Assalam alaykum ummati!
I genuinely hope you and your loved ones are doing great. For my brothers and sisters that are sick, wounded and troubled, may Allah swt grant you all shifa and sakina and may He mend the hearts of the broken-hearted.
So, it dawned on me a couple of days ago that I’m nearing my one year wedding anniversary, and as I lay perched on my sofa typing this, I’m yet to fully grasp the speed at which time is flying.
My cousin and a good friend of mine are both getting married really soon and I thought to myself this would be a really good time to get this post out on the blog.
I’d like to rewind the hands of time to about a month before I got married; November 2018…exactly this period last year.
As you can imagine for a woman that is about to get married in a month, a lot of things were happening simultaneously for me but one critical thing that took place during that month, was that Yusuf and I spent a significant amount of time mentally preparing ourselves for the great institution we agreed to sign up for. We were determined to have the foundations of our marriage solidly built because we recognized marriage as a means of getting closer to Allah azzawajal and to receive great blessings from Him.

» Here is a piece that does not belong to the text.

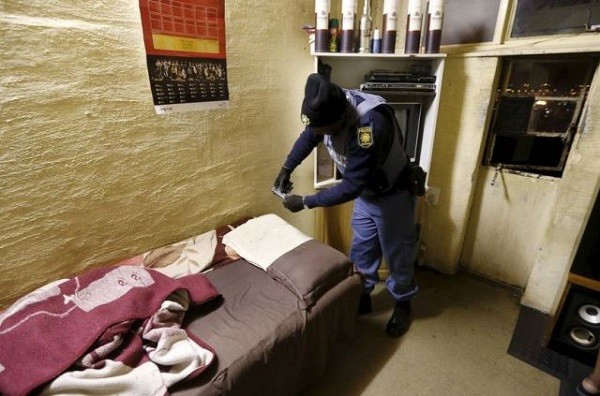 A policeman examines a handgun found during a raid on a hostel in Johannesburg's Alexandra township April 23, 2015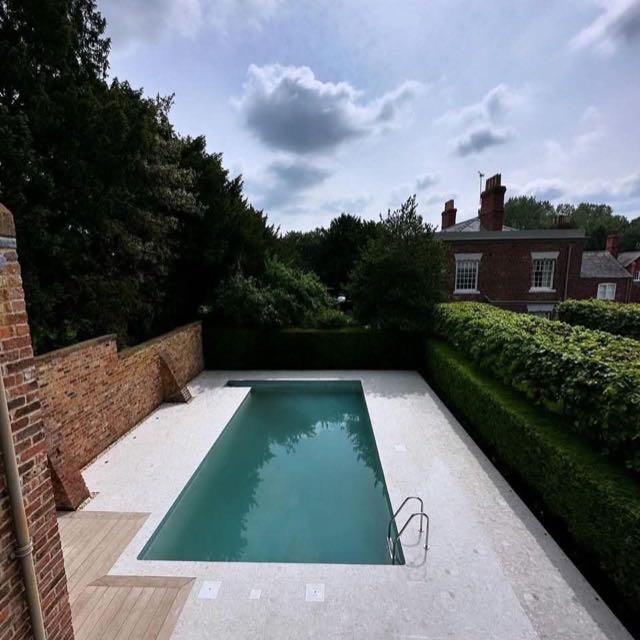 Stone coping running around a pool in a walled garden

In spite of the many goodness that can be found in marriage, we knew marriage could also greatly test our faith and character, and the result of our actions during those testing period (both ignorant and deliberate) will significantly impact our position in the akhira.
Based on the mutual understanding we shared of marriage, we made the firm decision to seek sincere, beneficial and practical advice from a Muslim scholar and a couple in our lives that we knew were knowledgeable and hoped could rightly guide us with the great example and success they’ve made of their own marriage.
I’m extremely grateful to Allah for inspiring in both our hearts the desire to undergo the counselling sessions because they proved to be enlightening and a lot more rewarding than we expected.
Today I wish to share some of the advice I found to be key and has helped strengthen my relationship with my husband.
For the first meeting we fixed an appointment with the Chief Imam of Lekki Central Mosque; Imam Ridwan Jamiu. Now, I’ll let you guys in on something because you are more or less family to me. Before attending the session with the Imam, a few people were concerned and wary of the fact that I was setting myself up to get advice from an Ilorin man who had more than one wife. If you are reading this, you may or may not be aware of the stereotype given to Ilorin men and how many are seen and adjudged to be unfaithful to their women and polygamous in nature. The Imam being married to more than one woman rang a strong bell because he was also from Ilorin.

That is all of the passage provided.